Der Financial-Index für 30 Aktien stieg heute um 13,4 auf 1.866,0 Punkte, wovon aber nur wenig Vergnügen zu erwarten ist. Insbesondere für Gertrud Hage nicht, die nicht einmal ein Konto hat. Deshalb wurde ihr auch die zustehende Sozialhilfe nicht anvertraut, denn wo sollte sie denn hin mit dem Geld?

Wohin er soll, weiß auch ein ehemaliger bayerischer Regierungsrat nicht, der zwar über Konto und Pension verfügt, nicht aber über die entsprechende Unbefangenheit des unbescholtenen Bürgers, der schaltet und waltet. 1984 war er noch in Amt und Würden, als in seinem Haus etwas Ungewöhnliches geschah. Nach der grauenhaften Bluttat an seiner vierköpfigen Familie schwieg der Regierungsrat hartnäckig und floh. Seine Flucht wurde durch den Umstand, daß die Bundesautobahnen mehr und mehr zu Großbaustellen werden, nicht gerade begünstigt. Dem Fahrer springen entweder Wallache ins Fahrzeug, und auf weiten Streckenabschnitten ist überhaupt kein Fortkommen. Wer nur eine Fahrspur zur Verfügung hat, hat kaum die Wahl. Zu den größten Behinderungen kommt es merkwürdigerweise immer in südlicher Richtung, in der Nähe von Rosenheim und Karlsruhe. Zähes Vorankommen aber ist Gift für einen gesuchten Mörder. Sicheres Versteck bietet da schon eher der Saunaclub einer Kleinstadt. Aber auch hier ist Vorsicht geboten, denn seit dem Jahreskongreß für Badewesen sind sich die Vertreter des Fachverbandes darin einig, daß sie der Verwechslung mit ordinären Nachtclubs und Erotic-Bars vorbeugen müssen. Befindet sich nun an einem als Sauna ausgewiesenen Etablissement eine blaue Tafel, so erwartet den hoffnungsfroh Eintretenden keine intime Atmosphäre, sondern eine teilmedizinische Behandlung, deren Dauer eher von beschränktem Zeitumfang ist. Da bietet perfekte Sicherheit doch eher ein tadelloser Lebenswandel und verdienter Schlaf in einer bundesdeutschen Bettstatt, zumal in Fragen des Schlafkomforts keinerlei Einschränkungen mehr geduldet werden. Ins Bett integriert ist nicht mehr nur der eventuelle Schläfer, sondern auch Radio, TV, Beleuchtung, Minibar und Handschuhfach.

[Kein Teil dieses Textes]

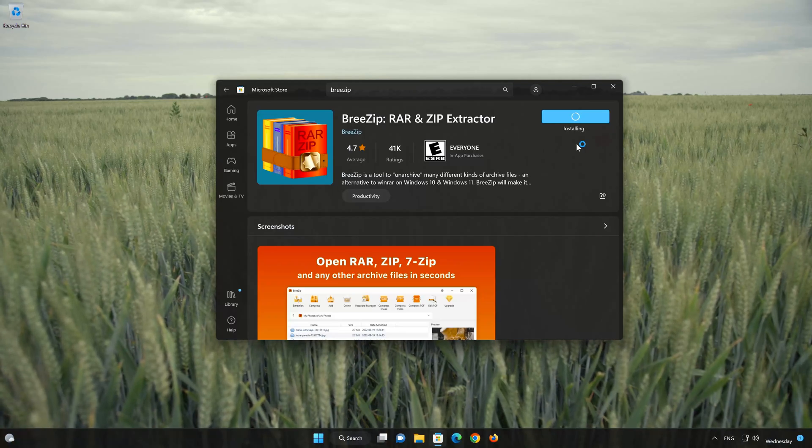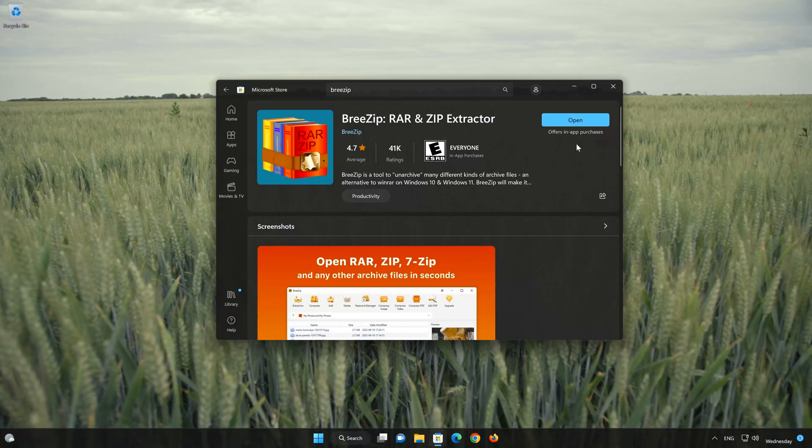Now your BreeZip app should be installed. Now open your BreeZip app.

Das alles hat der Frankfurter Papierfabrikant leichtsinnig aufs Spiel gesetzt, als er seine eigene Fabrik in Brand setzte. Einem Sachschaden von fünf Millionen Mark ist auch noch der 29jährige Lastwagenfahrer Jürgen Kesling hinzuzurechnen, der mit schwerer Rauchvergiftung ins Krankenhaus eingeliefert werden mußte, nachdem er vergeblich versucht hatte, die Ausbreitung des Feuers zu verhindern. Auch ein Feuerwehrmann erlitt beim sechsstündigen Kampf gegen den Großbrand mehrere Brandwunden. Dem Schrankenwärter, der den Brand entdeckt und sofort die Feuerwehr alarmiert hatte, wurde nicht gedankt. Als er erfuhr, daß der Brand im Auftrag seines Chefs gelegt worden war, brach er in der darauffolgenden Nacht in dessen leerstehende Villa ein und zerstörte unter anderem mehrere wertvolle Gemälde des 17. Jahrhunderts und zwei chinesische Bodenvasen aus der Ming-Dynastie. Am späten Freitag abend wurde auch der Schrankenwärter festgenommen und inhaftiert.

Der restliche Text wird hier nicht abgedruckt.